Mountain Of Madness” (originally aired 2/2/1997)

In which sitting is the great leveler, from the mightiest pharaoh to the lowliest peasant…

If any point came across from the plethora of content that The A.V. Club delivered over the course of Simpsons Week, it’s that The Simpsons is unquestionably the richest show to ever air on television. (Way richer than Lenny.) From its bench of supporting characters to its reams of quotable material to its ear for crafting maddeningly catchy songs, no other program can lay claim to churning out as much solid content as The Simpsons has. There may be a decline in quality over the years (albeit one with plenty of high points), but that decline is as much because of the transcendent heights the show came down from as it is the natural passage of time, and even an ordinary episode can still stand far above many other things on television.

That’s certainly the case with “Mountain Of Madness,” an episode of The Simpsons’ eighth season that wouldn’t crack any list of best episodes of the series—or even the season—but is still so full of rewarding content it’s remarkable. While not as emotionally remarkable in the same way some of the season’s prior installments are, it’s full of finely quotable material about sitting, rocket sleds, and cheating, as well as my personal pick for favorite Simpsons quote, “Your ideas are intriguing to me and I wish to subscribe to your newsletter.” Furthermore, it’s an episode that plays around with many established character pairings, and intertwines them neatly across the episode’s narrative.

Fittingly enough, the framework for this set of new pairings is a setting utterly foreign to everyone present: Mount Useful, a.k.a. Strategic Granite Reserve. After the Springfield Nuclear Power Plant staff fails to complete a routine fire drill within the industry-standard 45 seconds (Burns: “What’s our time so far?” Smithers: “I don’t know, sir. This stopwatch only goes up to 15 minutes”), Burns orders all of his employees into the mountain for a team-building exercise. Disorder at the power plant isn’t heavily mined topic for The Simpsons at this point—season two’s magnificent “Two Cars In Every Garage And Three Eyes On Every Fish” is the last episode it was given the spotlight—so it’s effective in its role as the narrative device to get everyone out of their comfort zones. And it neatly keeps the full Simpson family in the stories orbit, as it’s 100 percent in character for Homer to think to bring his family along.

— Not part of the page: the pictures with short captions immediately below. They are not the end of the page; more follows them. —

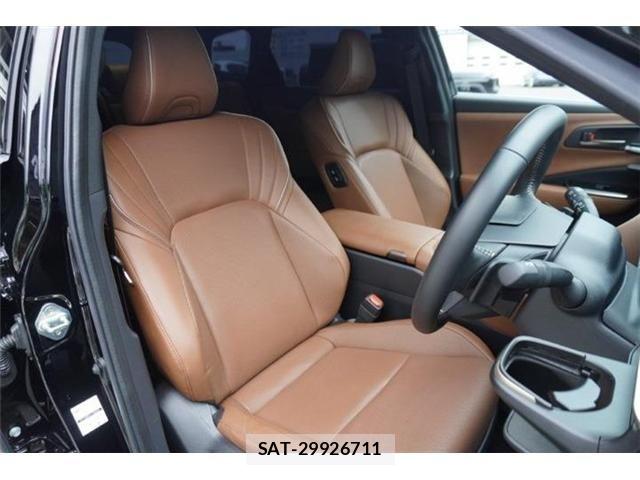 Toyota CROWN ESTATE 2025-05 7561973-4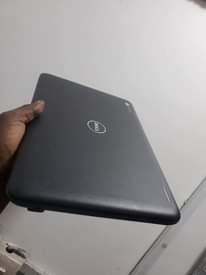 A picture of Dell midum
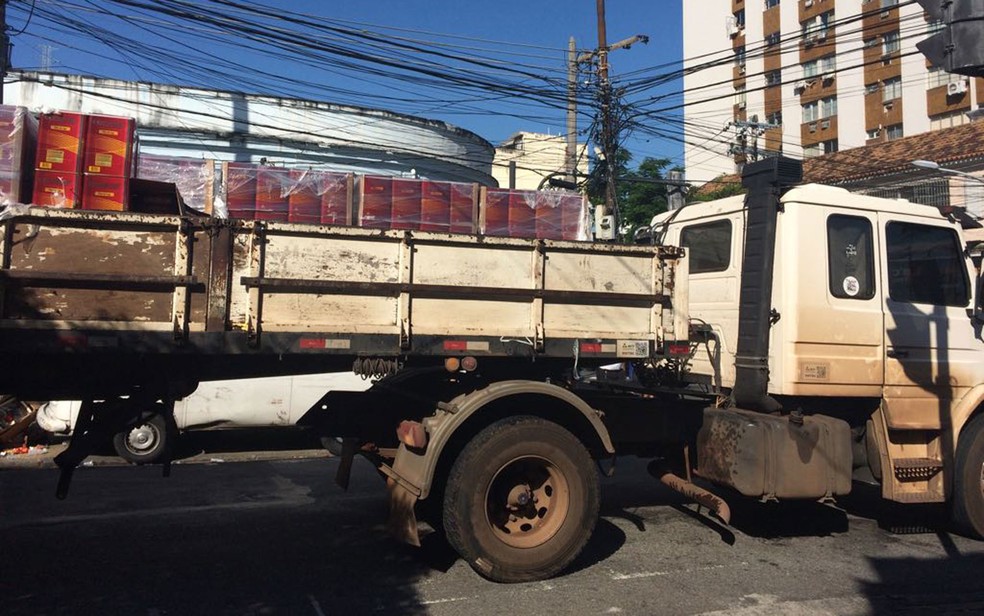Caminhão transportava óleo de cozinha (Foto: Alba Valéria Mendonça / G1)
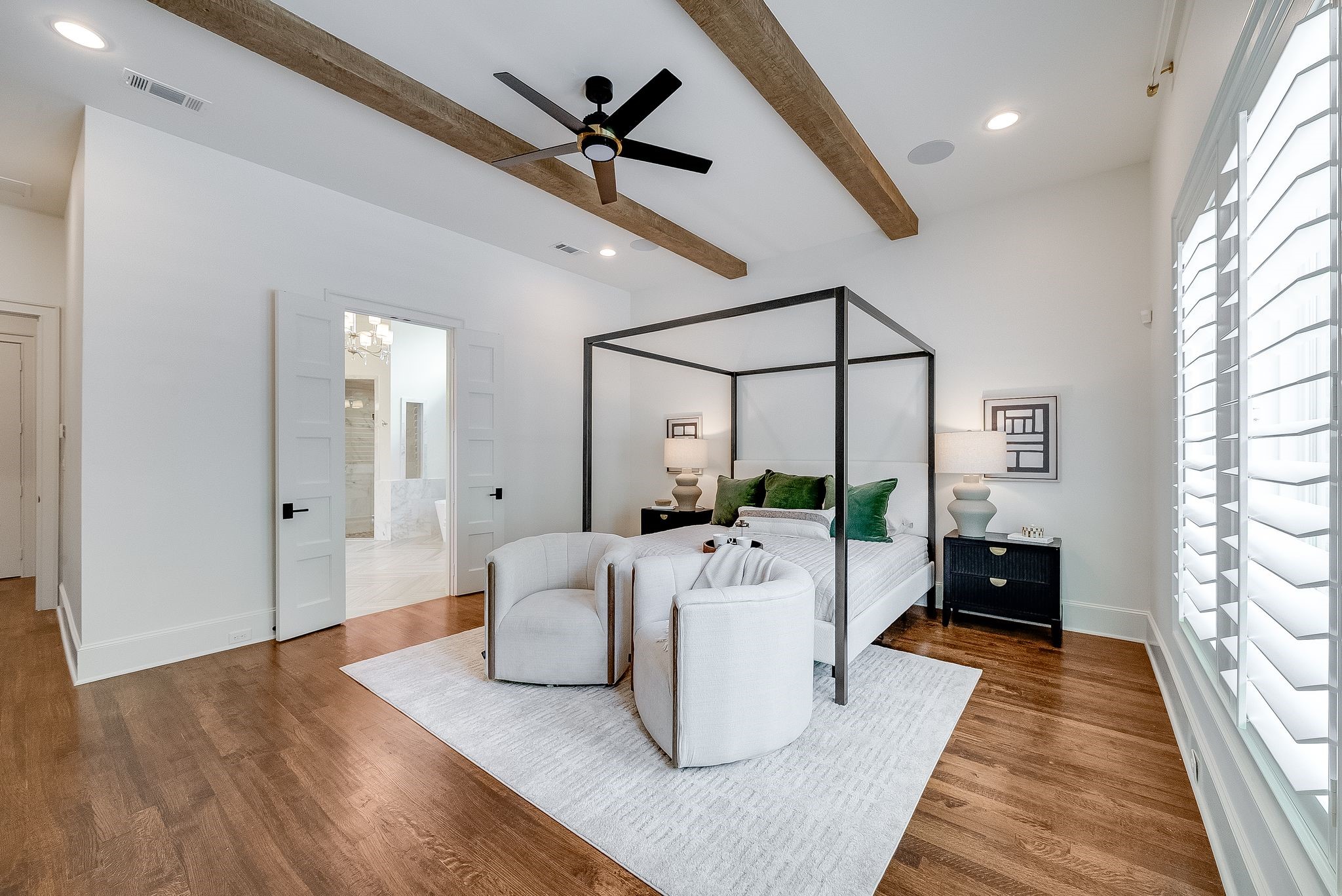 6404 Drawbridge Lane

Once they get to the mountain, the employees are split into teams of two, and given the additional motivation that the last team to arrive will be fired. (Second-to-last gets a hilarious “World’s Worst Employee” trophy.) Homer’s gripped with worry, until he realizes to his pleasant surprise that he’s paired with Mr. Burns. Previous episodes have found spins on the Homer/Mr. Burns relationship beside employee/boss before—“Last Exit To Springfield” turned them into professional rivals, “Homer The Smithers” placed Homer at the whim of Burns’s endless idiosyncracies—but this is the first time that the two have been in equal footing as individuals. Interestingly, the episode starts out on that vibe by throwig out some of the established jokes in favor of getting them together, as this may well be the first time Burns has remembered Homer’s name without any prompting from Smithers.

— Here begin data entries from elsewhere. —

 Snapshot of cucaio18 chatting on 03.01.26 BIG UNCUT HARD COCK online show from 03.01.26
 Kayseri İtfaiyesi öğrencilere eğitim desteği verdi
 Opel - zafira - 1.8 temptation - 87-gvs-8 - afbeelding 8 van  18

This is only the first step in a different relationship between the two, as “Mountain Of Madness” dares to suggest that when on equal footing, Homer and Burns could actually get along. Homer’s natural suggestibility, already stoked by Bart’s takedown of teamwork, makes him a prime target for Burns’s expertly crafted manipulations, and his enthusiasm for whatever course he’s committed to earns him a rare bit of praise. (“You know, Simpson, you’re not as objectionable as you seemed when we first met.” “No, sir, I am not.”) And the equation flips once they settle into the cabin and have the chance to legitimately enjoy each others company, as Homer shares his experienced laziness by teaching Burns how to cheat that most villainous of obstacles: standing up.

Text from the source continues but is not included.